The gold standard for artificial joints can be improved by adding the actual gold to titanium, the study suggests -
Titanium is the leading material for the knee and hip replacement because it is strong, wear resistant and non-toxic, but an unexpected discovery by Rice University physicists demonstrates that the gold standard for artificial joints can be improved with the adding a bit of real gold.
"It is about 3-4 times harder than most steels," said Emilia Morosan, the lead researcher of a new study advances science that describes the properties a mixture of 3: 1 in titanium and gold with a specific atomic structure which imparts hardness. "It is four times harder than pure titanium, which is what is currently used in most dental implants and joints of substitution."
Morosan, a physicist who specializes in the design and synthesis of compounds with electronic and exotic magnetic properties, said the new study is
in fact, the atomic structure of matter " a first for me in a number of ways this compound is not hard to do, and this is not a new material .. "- its atoms are in a tight structure" cubic "lens that is often associated with the hardness - was previously known. It is not even clear that Morosan and former graduate student Eteri Svanidze, co-lead author of the study, were the first to make a pure sample of the ultra hard "beta" form of the compound. But because of a couple of lucky breaks, they and their co-authors are the first to document the remarkable properties of the material.
"It started with my basic research," said Morosan, professor of physics and astronomy, chemistry and materials science and nano-engineering at Rice. "We published a study there not long ago on the titanium-gold, a 1-to-1 ratio of compound which was a magnetic material made of non-magnetic elements.
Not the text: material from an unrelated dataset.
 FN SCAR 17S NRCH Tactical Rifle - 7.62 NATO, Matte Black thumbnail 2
One of the things we do when we make a new compound is to try to grind to powder X-ray purposes. This identifies the composition, the purity, crystal structure and other structural properties.
"When we tried to grind the titanium-gold, we could not," she recalled. "I even bought a diamond (coated) mortar and pestle, and we could always not grind. "
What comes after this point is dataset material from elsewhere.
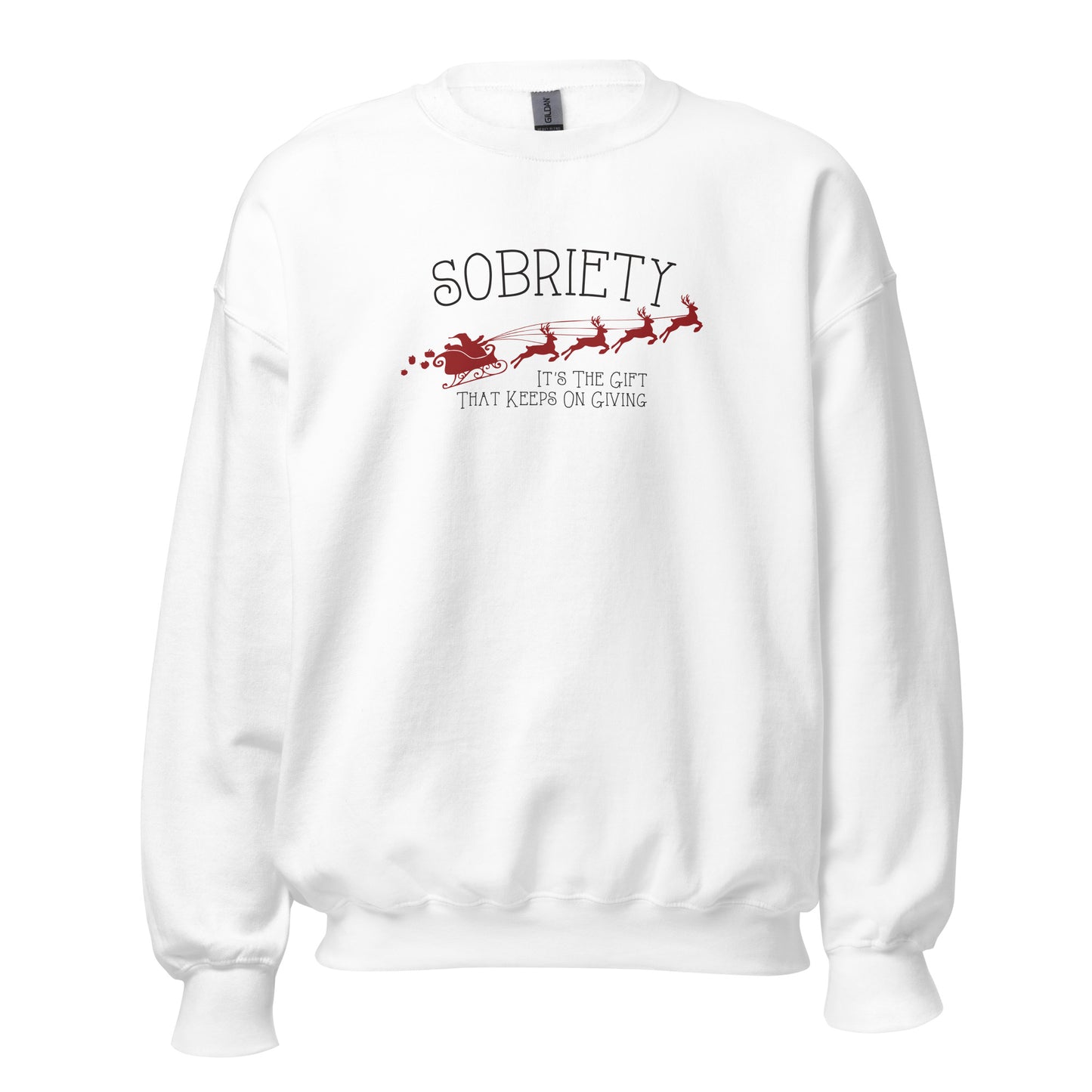 Sobriety It's The Gift That Keeps On Giving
Morosan Svanidze and decided to do follow-up testing to determine exactly how hard the compound was, and while they were at it, they also decided to measure the hardness of other compositions of titanium and gold that they used as comparisons in the original study.
one of the additional compounds is a mixture of three parts and a titanium piece of gold that was prepared at high temperature.
what the team did not know at the time was the fact that titanium-3-or relatively high temperature produces a nearly pure crystalline form of beta alloy - crystalline structure that is four times harder than titanium at lower temperatures, the atoms tend to arrange another cubic structure -. the alpha form of titanium-gold-3. The alpha structure is about as hard as regular titanium. It seems that laboratories have measured the 3-or titanium hardness were measured samples, which largely consisted of alpha arrangement of atoms.
The team measured the hardness of the beta crystal form together with colleagues Turbomachinery Laboratory of Texas A & M University and the National Laboratory of High Magnetic Fields Florida State University, and Morosan Svanidze also made of other comparisons with titanium. For medical implants, for example, two key measures are biocompatibility and resistance to wear. Because titanium and gold by themselves are the most biocompatible from metals and are often used in medical implants, the team believes titanium-3-or would be comparable. In fact, tests by colleagues from the University of Texas MD Anderson Cancer Center in Houston have determined that the new alloy was more biocompatible than pure titanium. History has proven the same wear resistance: Titanium-3-Gold also outperformed pure titanium
Morosan said she did not intend to become a materials scientist or change dramatically the orientation of his laboratory, but said his group. planning to conduct follow-up tests to further study the crystal structure of beta-3-or titanium and see if chemical dopants could improve its hardness further.